PROBLEM REQUIREMENTS:
Could you copy the data that follows exactly as written, but drop the pictures?

RECORDED INFORMATION:
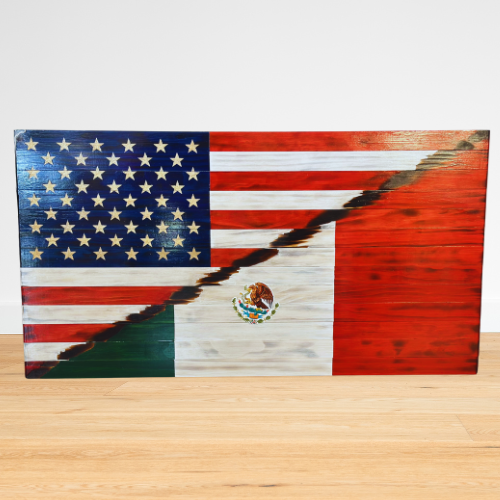 U.S. / Mexican Flag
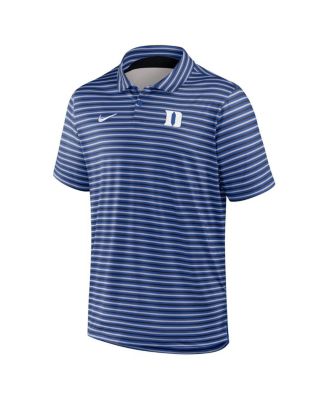 Men's Royal Duke Blue Devils 2025 Coaches Premium Tour Stripe Dri-FIT Polo Shirt
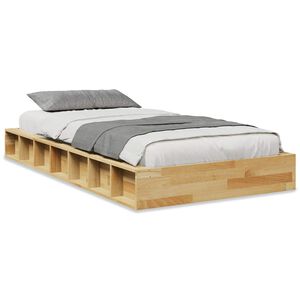 vidaXL Cadre de lit sans matelas 80x200 cm bois massif de ch&ecirc;ne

RESULT OF THE EXERCISE:
 U.S. / Mexican Flag
 Men's Royal Duke Blue Devils 2025 Coaches Premium Tour Stripe Dri-FIT Polo Shirt
 vidaXL Cadre de lit sans matelas 80x200 cm bois massif de ch&ecirc;ne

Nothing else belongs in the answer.